Os violões são soberanos: tomam conta do corredor instrumental construído para o disco. Em álbuns como "Suíte Leopoldina" (1999), as cordas eram o feijão do arroz de Guinga. Em "Casa de Villa", despe-se dessa erudição. Ela é apresentada no esqueleto, sem maquiagem, próxima da criação, é palanque vazio para modulações deliciosas. Choros, valsas, sambas, peças quase clássicas, instrumentais que misturam tudo aparecem nos 50m29s com poucos adereços.

Como em "Mar de Maracanã" (com Edu Kneip), que, costurada por flautas e clarinetes e recortada em solo de guitarra jazzística de Lula Galvão, trata o bairro do maior estádio do mundo como uma ilha paradisíaca. "Via crucis", outra com Kneip, é dividida com a cantora mineira Paula Santoro e traz à luz logo uma comparação com "Passarinhadeira" (de "Delírio carioca"), levada aos limites interpretativos por Fátima Guedes. Termina aqui quase como uma ária.

É a exceção. A respiração que domina o disco é mesmo a de Guinga. É ele quem carrega as melodias para cima e para baixo, que ordena o ritmo, que comanda o boteco. É ele quem diz como deve cantar e de que forma deve soar. Muito por causa disso, parece se reapropriar de sua alma, isso transparece com uma sinceridade perturbadora.

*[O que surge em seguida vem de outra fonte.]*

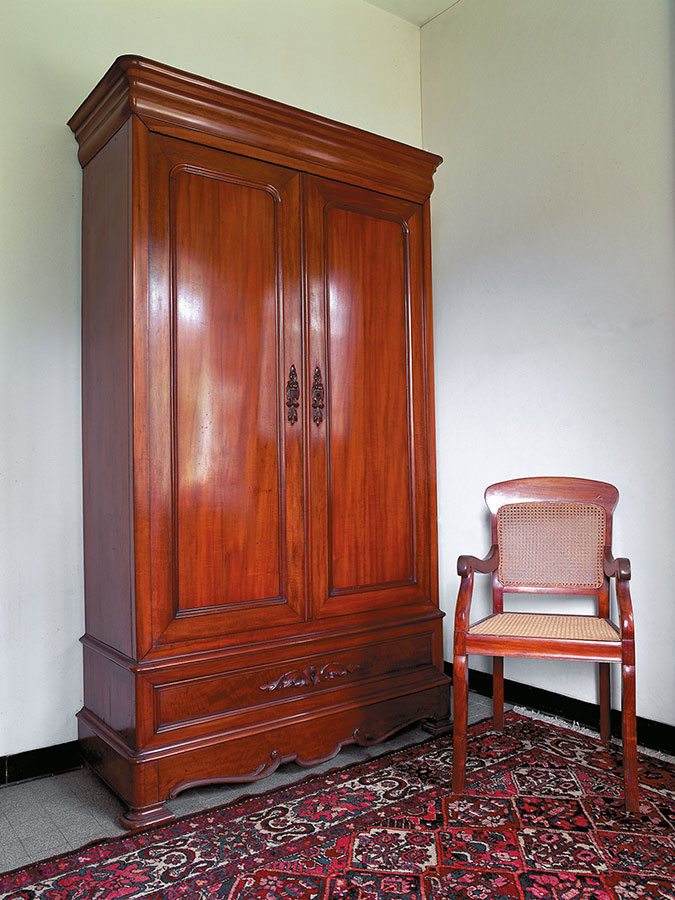 Mobilier creole 137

Ao fechar as portas de sua "Casa da Villa", Guinga convida outra alma, a de Paulinho Albuquerque, que brilha na homenagem "Comendador Albuquerque". A valsa instrumental tristíssima que encerra o disco é uma espécie de tributo ao produtor que dedicou 15 anos de sua vida a contar ao mundo quem era Guinga. A luta de Albuquerque não foi em vão. Resta agora que o mundo saiba que, por cima das mais belas canções já escritas no Brasil, paira também uma bela voz. A voz de um grande artista.

 

  • Texto de Francis Hime publicado no site da Biscoito Fino (voltar)

Dias atrás, ouvi este novo disco de Guinga, que tanto me emocionou, e por isso mesmo deixei-o ali de lado - quietinho - por algum tempo, até me refazer um pouco...

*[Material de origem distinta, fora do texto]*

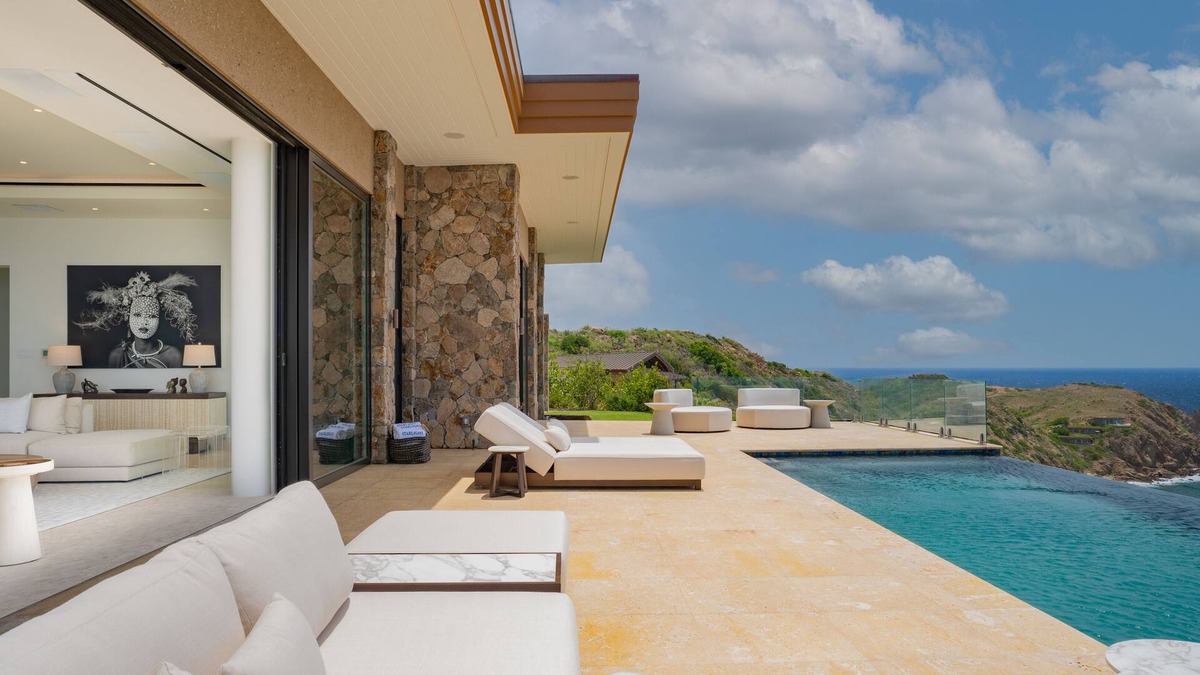 North Sound Villa | Villa Starlight by Fantasia Villas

Fico me lamentando por não encontrar palavras que digam um pouco do que sinto ao ouvir estas canções extraordinárias. Me dá até vontade de correr pro piano e compor uma nova canção.
Diga-se de passagem foi, aliás, o que fiz logo que ouvi “Mar de Maracanã”.

Por outro lado, como músico, sinto-me um privilegiado por poder acompanhar e me deliciar com a linguagem, com os caminhos inesperados da música de Guinga. Esta sua originalidade, estes dribles desconcertantes que ele realiza na arquitetura de suas canções, me fazem pensar em Garrincha (que não era vascaíno, como Guinga e eu somos) mas que tinha na imprevisibilidade talvez a sua característica mais marcante. É isso: o Guinga parece que vai para um lado, depois aponta para o outro, e depois para outro mais e mais e mais !!!

Quando comecei a escrever estas linhas pensava em fazer alguns comentários musicais específicos sobre este “Casa de Villa”, falar da beleza de canções como “Porto de Araújo”, “Villalobiana”, “Mar de Maracanã”, “Via-Crúcis”, todas elas, enfim - não dá pra esquecer nenhuma: dos arranjos primorosos (salve Lula, Malta, Jessé, Paulo Aragão, Paulo Sérgio e Tardelli ! ), dos músicos maravilhosos, do violão de Guinga - que é uma verdadeira orquestra, da brilhante produção de Tardelli (outro que também faz do seu violão, uma orquestra ), da voz emocionada de Guinga.

Mas, como escrevi linhas acima, continuo sem encontrar as palavras. De modo que acho que vou de novo correndo pro piano para fazer uma nova canção.

Obrigado, Guinga, o Brasil te agradece o presente. Ps. E que venha o próximo "biscoito” bem rapidinho.